Not atypically, I start the morning with links from the indispensable Mark Thoma.
1. Steven Randy Waldman waxes Austro-Keynesian. Read the whole thing. His peroration:
It is not technocratic economists who will win the day and pull us out of our cul-de-sac, but angry Irishmen and Spaniards who challenge, on moral terms, the right of German bankers to impose vast deadweight costs on current activity because they lent greedily into what might easily have been recognized as a property and credit bubble.
Predicting the outcome of a contest between technocratic economists and angry citizens is difficult. That is why Simon Johnson has to hedge his bets on the outcome of the euro crisis.
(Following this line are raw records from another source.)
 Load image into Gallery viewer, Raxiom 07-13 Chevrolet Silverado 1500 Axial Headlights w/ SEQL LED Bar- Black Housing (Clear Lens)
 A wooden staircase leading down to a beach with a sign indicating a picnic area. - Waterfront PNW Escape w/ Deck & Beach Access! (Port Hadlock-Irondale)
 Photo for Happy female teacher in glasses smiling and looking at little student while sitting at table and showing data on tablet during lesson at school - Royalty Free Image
More financial firms — with none too big to fail — would mean less concentrated financial power, less concentrated risk and better access and service for American businesses and the public. Even if they were substantially smaller, the largest firms could continue to meet any global financial demand either directly or through syndication.
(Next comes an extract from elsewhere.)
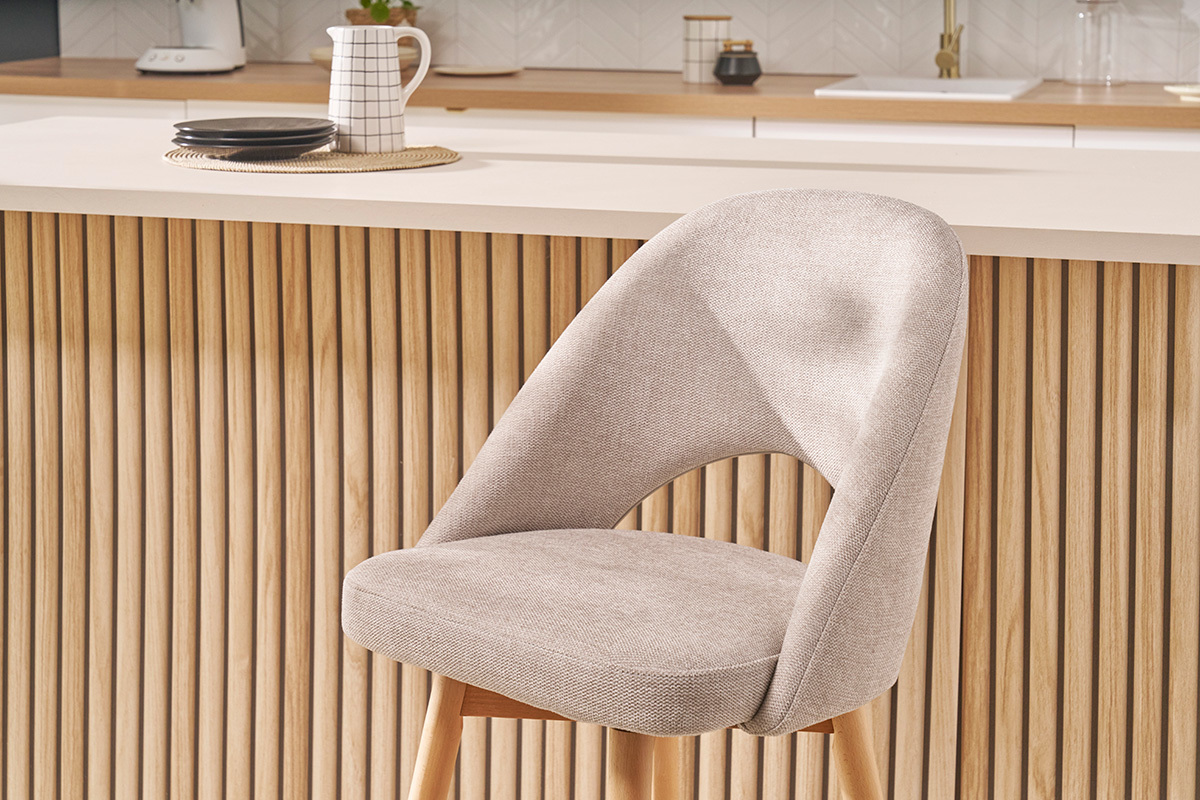 Sgabello da bar scandinavo in tessuto beige e legno massello di hevea davanti a un bancone in legno.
Sounds like the head of the Federal Reserve Bank of Kansas City wants to Break up the Banks.
READER COMMENTS
WFSmith
Dec 2 2010 at 8:54am
Agreeing with Mr. Hoenig: smaller banks.
Taking the idea one step further, less federal control and more state regulation throughout the entire spectrum of decision making and legislation. Allow state legislatures to compete with eachother in the arena for social and economic issues. Diversify the process.
Floccina
Dec 2 2010 at 10:01am
Smaller banks would make bailouts tougher but I think that we should work on the feedback problems in banking first. I think the feedback problem is the main problem. Lately I have started to think that there are feedback problems for banks while property prices are rising not just when they are going down.
Alex J.
Dec 2 2010 at 10:20am
Many smaller banks aren’t better than a few big ones if the small ones all fail at the same time for the same reasons. One small bank failure is obviously less bad than one big bank failure, but if the small banks face the same incentives as the big banks, they will behave in the same way.